L’intento di questo intervento non consiste nel voler tagliare il campo della discussione in due, per far sì che la verità si trovi da una sola parte. Lo scopo è un altro. Troppe volte si è sentito in giro che le libertà di pensiero e di parola sono sacre ed indispensabili per il bene comune. Continuamente, le pagine culturali dei giornali si riempiono di articoli che illustrano le libertà negate nel recente passato. Le nefaste esperienze dei lager e dei gulag sono prese ad esempio quale limite estremo di oppressione, in cui il pensiero e la parola hanno trovato la morte. Tutti, dunque, concordano sulla necessità di difendere l’espressione in tutte le sue forme, almeno fino a quando non si fanno strada punti di vista “sgraditi” a chi tira le fila del consenso. E tutto ciò che è sgradito per forza di cose diventa riprovevole. E tutto ciò che è riprovevole deve essere espulso con qualunque mezzo.  Ed ecco che per questo lavoro entrano in scena i sicari della penna, travestiti da opinionisti “aperti” che conducono la loro campagna di diffamazione contro ciò che è ritenuto inaccettabile. Le armi usate da questi novelli benpensanti sono sempre le stesse, mutuate dal tanto vituperato Medioevo: la gogna (mediatica) e l’auto da fé, per l’eventuale reinserimento del figliol prodigo nel consorzio civile. In questo modo diventa assai arduo trovare spazi per dissentire civilmente.

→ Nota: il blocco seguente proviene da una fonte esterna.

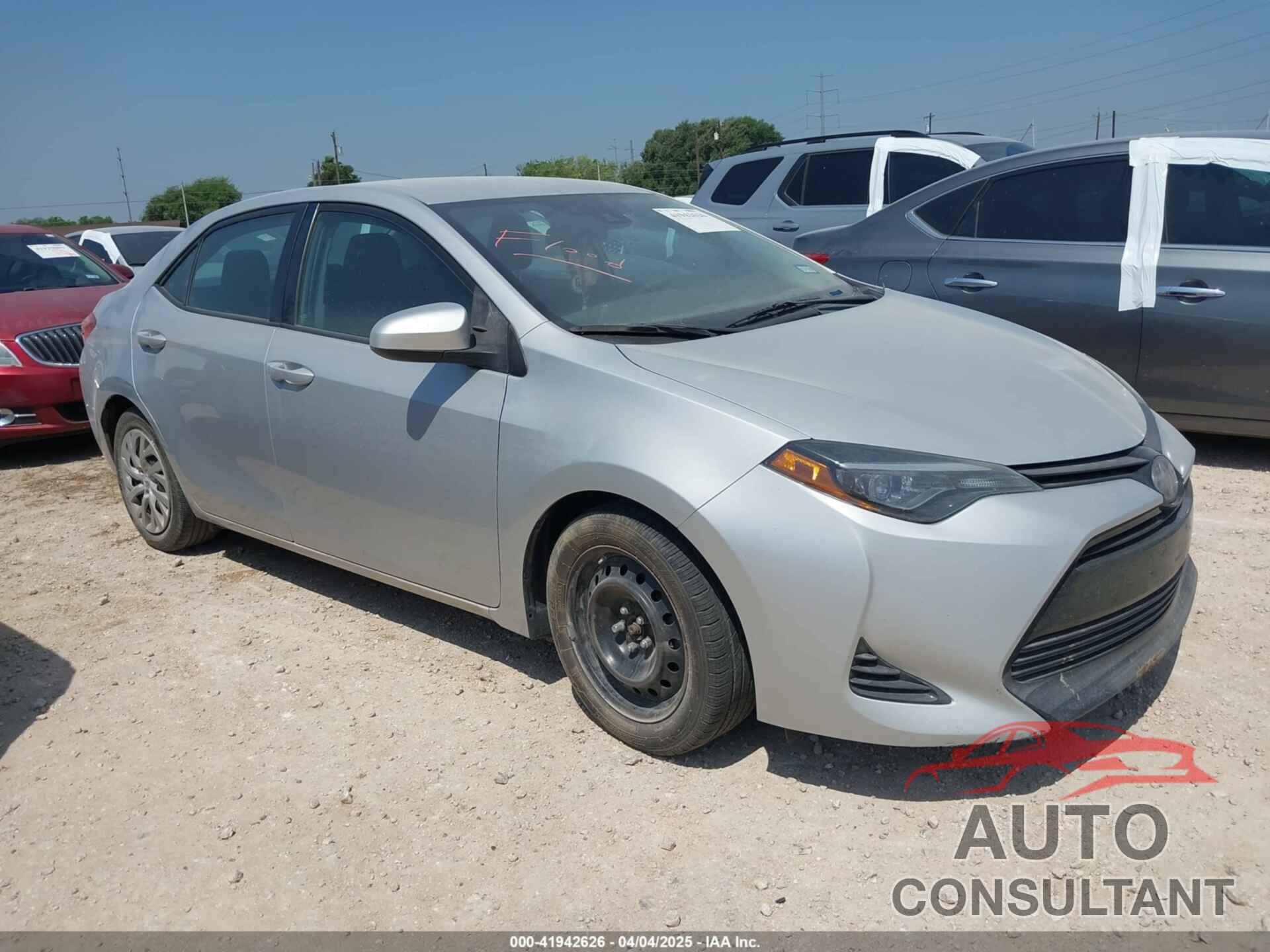 TOYOTA COROLLA 2018 - 2T1BURHE1JC986244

In conclusione, un’ultima cosa sulla ricorrenza dell’11 settembre. Quest’anno, come si è sentito dire nei giorni di vigilia, gli americani celebreranno l’anniversario, pensando non solo all’impatto materiale subito da New York quel giorno, ma soprattutto curando l’aspetto psicologico prodotto da questa vicenda, che ha toccato per ragioni diverse i parenti delle vittime degli attentati, quanto il popolo americano, lasciando uno strascico di angoscia che durerà ancora per molto tempo. Occorre tuttavia far riflettere ai tanti opinionisti di questi giorni, tutti in lena a scrivere i loro “pezzo” di commemorazione, che città nel mondo martoriate da eventi bellici ce ne sono purtroppo un’infinità. Tra queste si prenda come emblema Beirut, divenuta da oltre trent’anni bersaglio del cinismo occidentale, della spietatezza israeliana e dell’indifferenza araba. Ebbene in questa città i risvolti psicologici dovuti al dolore procurato dalla guerra non hanno mai fatto in tempo ad essere metabolizzati, che già una nuova sofferenza subentrava a quella che l’ aveva preceduta. Ecco, che pur rispettando il cordoglio dei newyorchesi, è obbligo porsi la seguente domanda: ma quanti 11 settembre avrebbero dovuto ricordare gli abitanti di Beirut in tutti questi anni?